Nie und nimmer. Sie gehen nicht mal einen winzigen Schritt auf Jerewan
zu. Oh, oh... Wenn jetzt mal nicht die Türken den Europäern eine priveligierte
Partnerschaft zur Hohen Pforte anbieten. So mancher Sohn Atatürks, der
vordem die sture Haltung der Europäer verfluchte, wird nun still und
heimlich feixen und Allahs Weitsicht preisen. Doch wie lange wird der
Konjunkturmotor rund um Istanbul herum weiterbrummen, wenn seinem europäischen
Hinterland die Puste ausgeht und Anatolien sowie die kurdischen Probleme
weiter drücken wie ein viel zu enger Pantoffel? Es ist wichtig und unverzichtbar,
die Türkei eng an Europa zu binden. Sie ist der Hauptbrückenkopf nach
Asien, sie kann das stabilisierende Element in Vorderasien sein.
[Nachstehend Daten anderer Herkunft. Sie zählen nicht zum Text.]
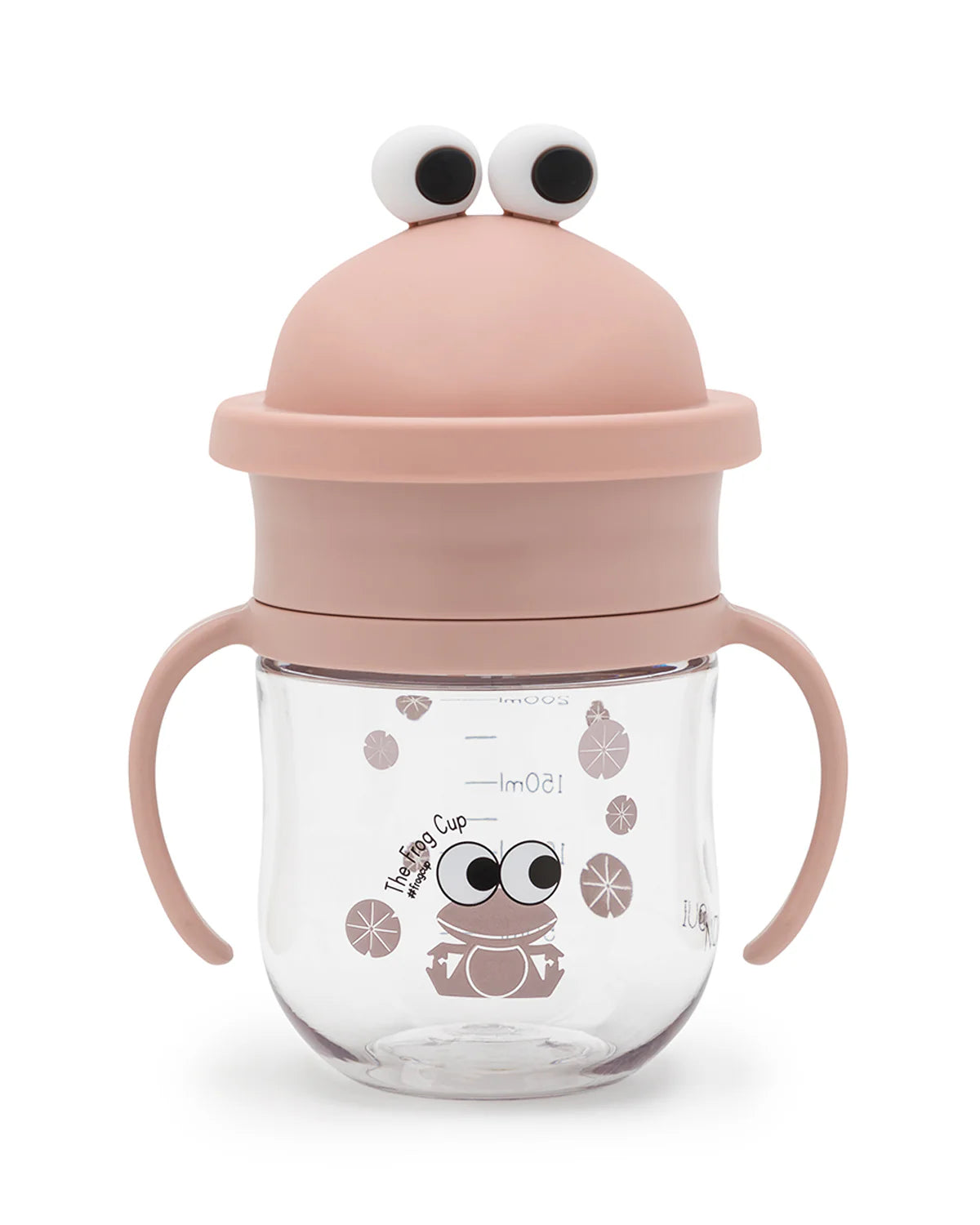 Tasse d'apprentissage "Grenouille rose" (250ml) - Noui Noui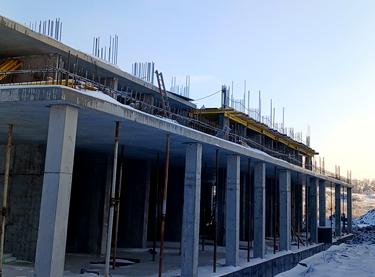 Статус будівництва ЖК Свідомі Будинок 4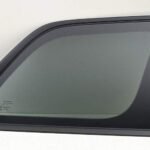 OE Black Moulding Privacy Passenger Right Side Quarter Window Quarter Glass Compatible with Jeep Grand Cherokee 2016-2021 Models (Not For Cherokee or Grand Cherokee L)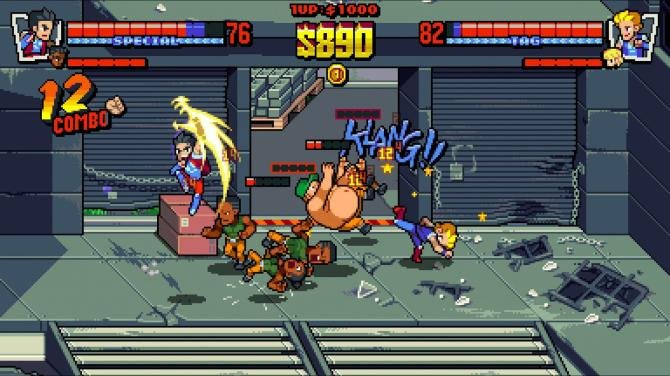 Double Dragon Gaiden: Rise Of The Dragons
Ein
festgefügtes Dreieck Berlin-Moskau-Istanbul wäre für Europa ein unschätzbarer
Gewinn.
Man muss sich entgegen kommen – von beiden Seiten. Die Türken müssen
begreifen, was sie den Armeniern antaten, den Christen denselben Raum
gewähren, den die muselmanischen Türken in Westeuropa für sich beanspruchen
dürfen. Und die Europäer müssen den Türken ein wohnliches Zimmer im
gemeinsamen Haus Europa anbieten – eines, das nicht kracht und stöhnt
vom Fundament bis ins Dachgebälk. Und sie müssen alte Wunden schließen,
so wie sie alte Grenzen öffnen müssen. Das Schicksal Europas wird sich
nicht am Fall Griechenlands entscheiden. Es entscheidet sich an der
Linie zwischen Nikosia und Famagusta.